SickGear/lib/feedparser/urls.py

174 lines
4.8 KiB
Python

# Copyright 2010-2023 Kurt McKee <contactme@kurtmckee.org>
# Copyright 2002-2008 Mark Pilgrim
# All rights reserved.
#
# This file is a part of feedparser.
#
# Redistribution and use in source and binary forms, with or without
# modification, are permitted provided that the following conditions are met:
#
# * Redistributions of source code must retain the above copyright notice,
# this list of conditions and the following disclaimer.
# * Redistributions in binary form must reproduce the above copyright notice,
# this list of conditions and the following disclaimer in the documentation
# and/or other materials provided with the distribution.
#
# THIS SOFTWARE IS PROVIDED BY THE COPYRIGHT HOLDERS AND CONTRIBUTORS 'AS IS'
# AND ANY EXPRESS OR IMPLIED WARRANTIES, INCLUDING, BUT NOT LIMITED TO, THE
# IMPLIED WARRANTIES OF MERCHANTABILITY AND FITNESS FOR A PARTICULAR PURPOSE
# ARE DISCLAIMED. IN NO EVENT SHALL THE COPYRIGHT OWNER OR CONTRIBUTORS BE
# LIABLE FOR ANY DIRECT, INDIRECT, INCIDENTAL, SPECIAL, EXEMPLARY, OR
# CONSEQUENTIAL DAMAGES (INCLUDING, BUT NOT LIMITED TO, PROCUREMENT OF
# SUBSTITUTE GOODS OR SERVICES; LOSS OF USE, DATA, OR PROFITS; OR BUSINESS
# INTERRUPTION) HOWEVER CAUSED AND ON ANY THEORY OF LIABILITY, WHETHER IN
# CONTRACT, STRICT LIABILITY, OR TORT (INCLUDING NEGLIGENCE OR OTHERWISE)
# ARISING IN ANY WAY OUT OF THE USE OF THIS SOFTWARE, EVEN IF ADVISED OF THE
# POSSIBILITY OF SUCH DAMAGE.
import re
import urllib.parse
from .html import BaseHTMLProcessor
# If you want feedparser to allow all URL schemes, set this to ()

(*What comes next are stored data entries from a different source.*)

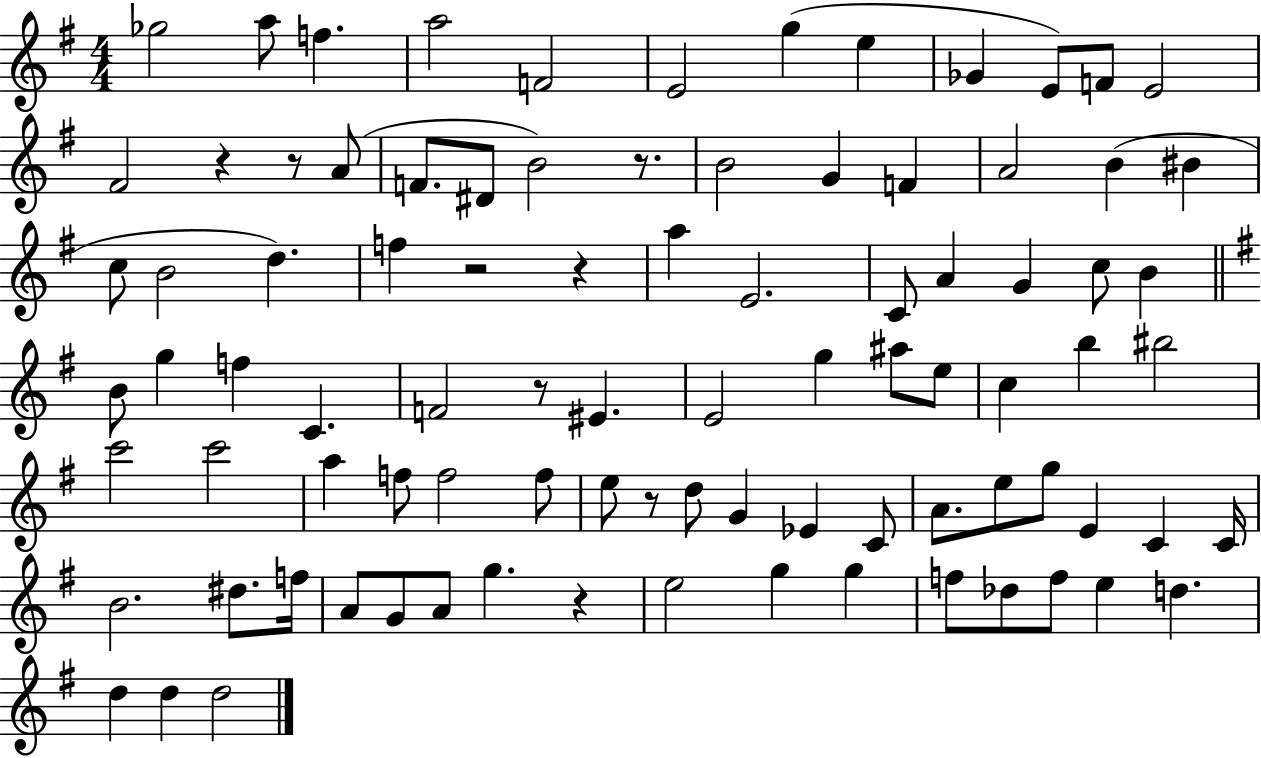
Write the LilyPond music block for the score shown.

{
  \clef treble
  \numericTimeSignature
  \time 4/4
  \key g \major
  ges''2 a''8 f''4. | a''2 f'2 | e'2 g''4( e''4 | ges'4 e'8) f'8 e'2 | \break fis'2 r4 r8 a'8( | f'8. dis'8 b'2) r8. | b'2 g'4 f'4 | a'2 b'4( bis'4 | \break c''8 b'2 d''4.) | f''4 r2 r4 | a''4 e'2. | c'8 a'4 g'4 c''8 b'4 | \break \bar "||" \break \key g \major b'8 g''4 f''4 c'4. | f'2 r8 eis'4. | e'2 g''4 ais''8 e''8 | c''4 b''4 bis''2 | \break c'''2 c'''2 | a''4 f''8 f''2 f''8 | e''8 r8 d''8 g'4 ees'4 c'8 | a'8. e''8 g''8 e'4 c'4 c'16 | \break b'2. dis''8. f''16 | a'8 g'8 a'8 g''4. r4 | e''2 g''4 g''4 | f''8 des''8 f''8 e''4 d''4. | \break d''4 d''4 d''2 | \bar "|."
}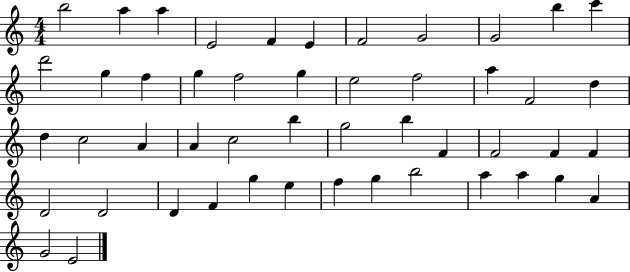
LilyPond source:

{
  \clef treble
  \numericTimeSignature
  \time 4/4
  \key c \major
  b''2 a''4 a''4 | e'2 f'4 e'4 | f'2 g'2 | g'2 b''4 c'''4 | \break d'''2 g''4 f''4 | g''4 f''2 g''4 | e''2 f''2 | a''4 f'2 d''4 | \break d''4 c''2 a'4 | a'4 c''2 b''4 | g''2 b''4 f'4 | f'2 f'4 f'4 | \break d'2 d'2 | d'4 f'4 g''4 e''4 | f''4 g''4 b''2 | a''4 a''4 g''4 a'4 | \break g'2 e'2 | \bar "|."
}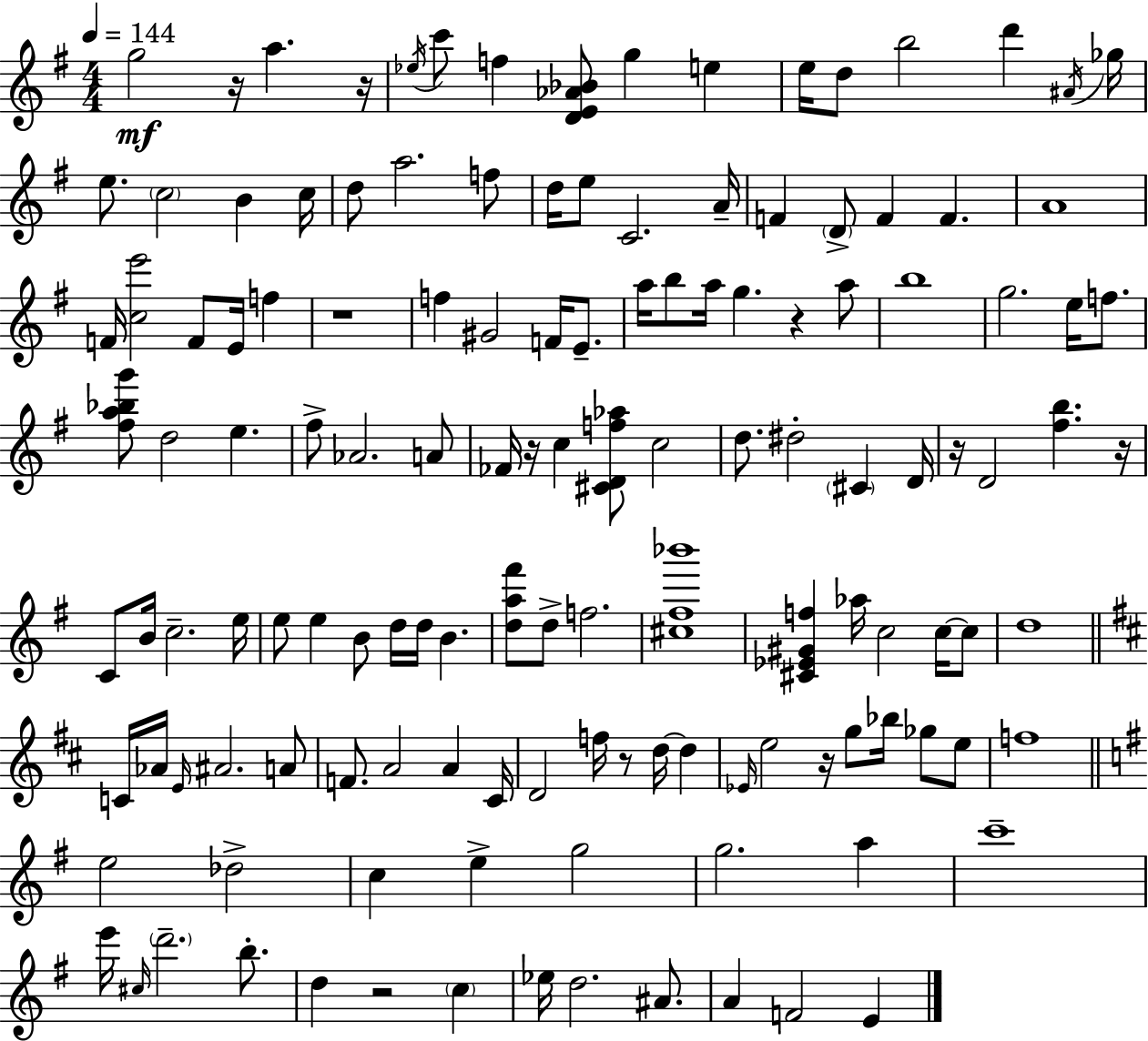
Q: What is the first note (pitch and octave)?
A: G5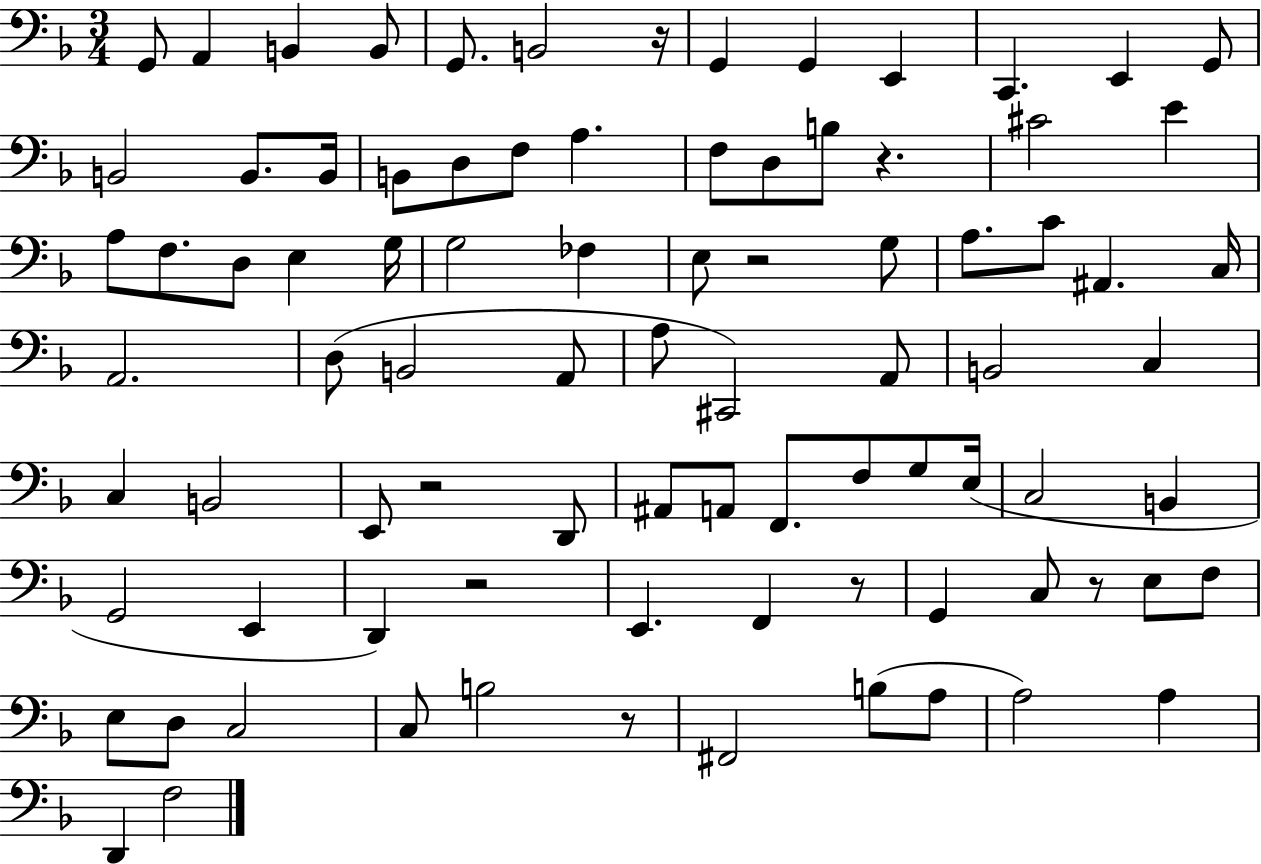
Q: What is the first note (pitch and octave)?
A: G2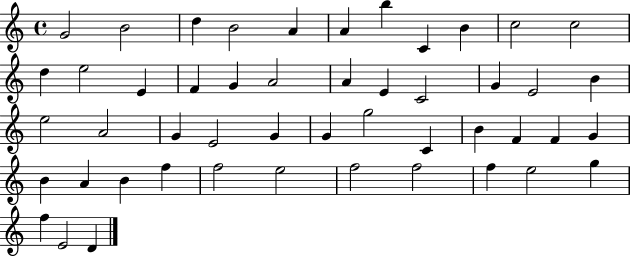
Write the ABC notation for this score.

X:1
T:Untitled
M:4/4
L:1/4
K:C
G2 B2 d B2 A A b C B c2 c2 d e2 E F G A2 A E C2 G E2 B e2 A2 G E2 G G g2 C B F F G B A B f f2 e2 f2 f2 f e2 g f E2 D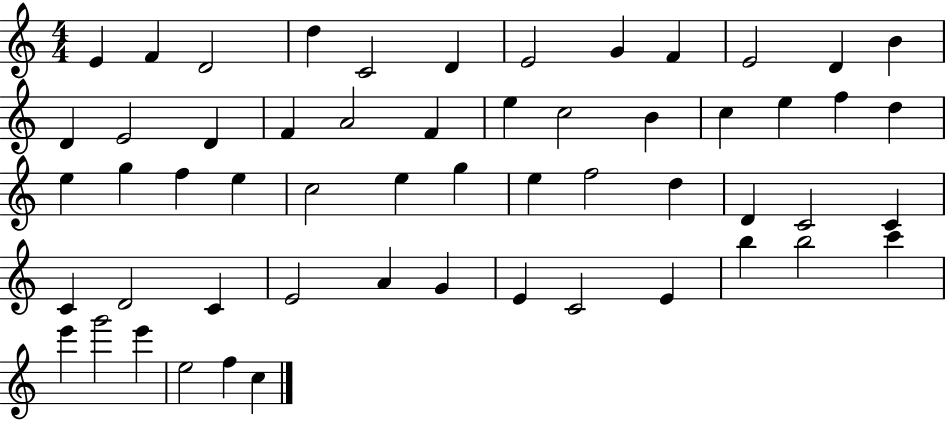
E4/q F4/q D4/h D5/q C4/h D4/q E4/h G4/q F4/q E4/h D4/q B4/q D4/q E4/h D4/q F4/q A4/h F4/q E5/q C5/h B4/q C5/q E5/q F5/q D5/q E5/q G5/q F5/q E5/q C5/h E5/q G5/q E5/q F5/h D5/q D4/q C4/h C4/q C4/q D4/h C4/q E4/h A4/q G4/q E4/q C4/h E4/q B5/q B5/h C6/q E6/q G6/h E6/q E5/h F5/q C5/q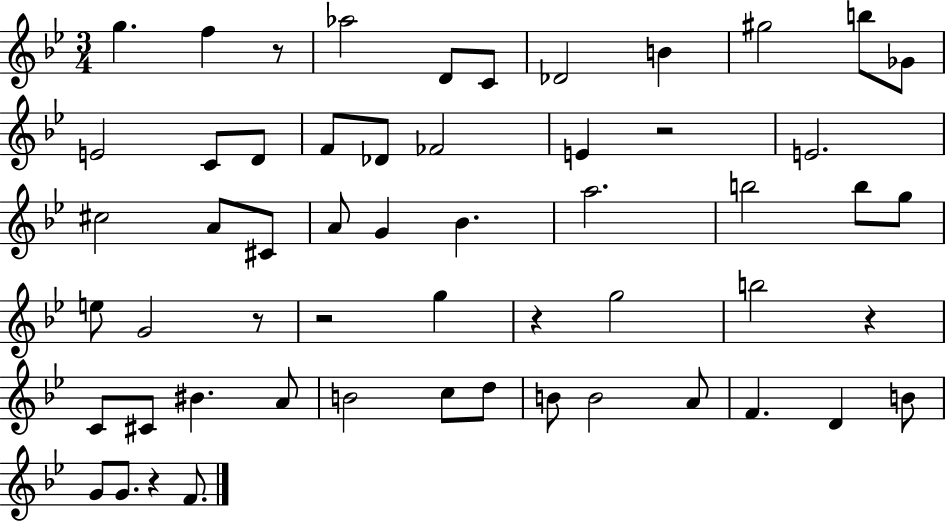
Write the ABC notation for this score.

X:1
T:Untitled
M:3/4
L:1/4
K:Bb
g f z/2 _a2 D/2 C/2 _D2 B ^g2 b/2 _G/2 E2 C/2 D/2 F/2 _D/2 _F2 E z2 E2 ^c2 A/2 ^C/2 A/2 G _B a2 b2 b/2 g/2 e/2 G2 z/2 z2 g z g2 b2 z C/2 ^C/2 ^B A/2 B2 c/2 d/2 B/2 B2 A/2 F D B/2 G/2 G/2 z F/2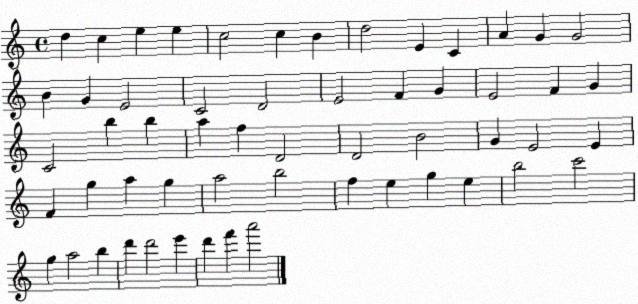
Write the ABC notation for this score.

X:1
T:Untitled
M:4/4
L:1/4
K:C
d c e e c2 c B d2 E C A G G2 B G E2 C2 D2 E2 F G E2 F G C2 b b a f D2 D2 B2 G E2 E F g a g a2 b2 f e g e b2 c'2 g a2 b d' d'2 e' d' f' a'2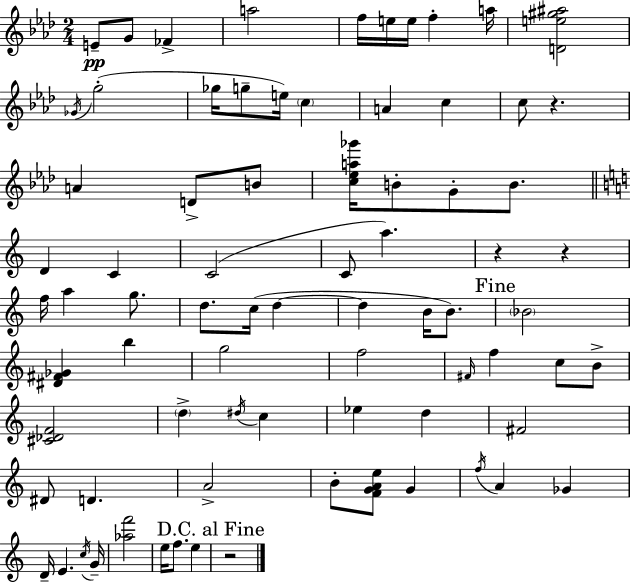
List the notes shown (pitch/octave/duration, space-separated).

E4/e G4/e FES4/q A5/h F5/s E5/s E5/s F5/q A5/s [D4,E5,G#5,A#5]/h Gb4/s G5/h Gb5/s G5/e E5/s C5/q A4/q C5/q C5/e R/q. A4/q D4/e B4/e [C5,Eb5,A5,Gb6]/s B4/e G4/e B4/e. D4/q C4/q C4/h C4/e A5/q. R/q R/q F5/s A5/q G5/e. D5/e. C5/s D5/q D5/q B4/s B4/e. Bb4/h [D#4,F#4,Gb4]/q B5/q G5/h F5/h F#4/s F5/q C5/e B4/e [C#4,Db4,F4]/h D5/q D#5/s C5/q Eb5/q D5/q F#4/h D#4/e D4/q. A4/h B4/e [F4,G4,A4,E5]/e G4/q F5/s A4/q Gb4/q D4/s E4/q. C5/s G4/s [Ab5,F6]/h E5/s F5/e. E5/q R/h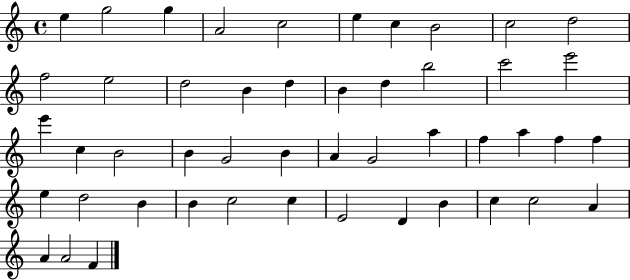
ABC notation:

X:1
T:Untitled
M:4/4
L:1/4
K:C
e g2 g A2 c2 e c B2 c2 d2 f2 e2 d2 B d B d b2 c'2 e'2 e' c B2 B G2 B A G2 a f a f f e d2 B B c2 c E2 D B c c2 A A A2 F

# List culled from Python's urlparse documentation at:
# http://docs.python.org/library/urlparse.html
# as well as from "URI scheme" at Wikipedia:
# https://secure.wikimedia.org/wikipedia/en/wiki/URI_scheme
# Many more will likely need to be added!
ACCEPTABLE_URI_SCHEMES = (
"file",
"ftp",
"gopher",
"h323",
"hdl",
"http",
"https",
"imap",
"magnet",
"mailto",
"mms",
"news",
"nntp",
"prospero",
"rsync",
"rtsp",
"rtspu",
"sftp",
"shttp",
"sip",
"sips",
"snews",
"svn",
"svn+ssh",
"telnet",
"wais",
# Additional common-but-unofficial schemes
"aim",
"callto",
"cvs",
"facetime",
"feed",
"git",
"gtalk",
"irc",
"ircs",
"irc6",
"itms",
"mms",
"msnim",
"skype",
"ssh",
"smb",
"svn",
"ymsg",
)
_urifixer = re.compile("^([A-Za-z][A-Za-z0-9+-.]*://)(/*)(.*?)")
def _urljoin(base, uri):
uri = _urifixer.sub(r"\1\3", uri)
try:
uri = urllib.parse.urljoin(base, uri)
except ValueError:
uri = ""
return uri
def make_safe_absolute_uri(base, rel=None):
# bail if ACCEPTABLE_URI_SCHEMES is empty
if not ACCEPTABLE_URI_SCHEMES:
return _urljoin(base, rel or "")
if not base:
return rel or ""
if not rel:
try:
scheme = urllib.parse.urlparse(base)[0]
except ValueError:
return ""
if not scheme or scheme in ACCEPTABLE_URI_SCHEMES:
return base
return ""
uri = _urljoin(base, rel)
if uri.strip().split(":", 1)[0] not in ACCEPTABLE_URI_SCHEMES:
return ""
return uri
class RelativeURIResolver(BaseHTMLProcessor):
relative_uris = {
("a", "href"),
("applet", "codebase"),
("area", "href"),
("audio", "src"),
("blockquote", "cite"),
("body", "background"),
("del", "cite"),
("form", "action"),
("frame", "longdesc"),
("frame", "src"),
("iframe", "longdesc"),
("iframe", "src"),
("head", "profile"),
("img", "longdesc"),
("img", "src"),
("img", "usemap"),
("input", "src"),
("input", "usemap"),
("ins", "cite"),
("link", "href"),
("object", "classid"),
("object", "codebase"),
("object", "data"),
("object", "usemap"),
("q", "cite"),
("script", "src"),
("source", "src"),
("video", "poster"),
("video", "src"),
}
def __init__(self, baseuri, encoding, _type):
BaseHTMLProcessor.__init__(self, encoding, _type)
self.baseuri = baseuri
def resolve_uri(self, uri):
return make_safe_absolute_uri(self.baseuri, uri.strip())
def unknown_starttag(self, tag, attrs):
attrs = self.normalize_attrs(attrs)
attrs = [
(
key,
((tag, key) in self.relative_uris) and self.resolve_uri(value) or value,
)
for key, value in attrs
]
super().unknown_starttag(tag, attrs)
def resolve_relative_uris(html_source, base_uri, encoding, type_):
p = RelativeURIResolver(base_uri, encoding, type_)
p.feed(html_source)
return p.output()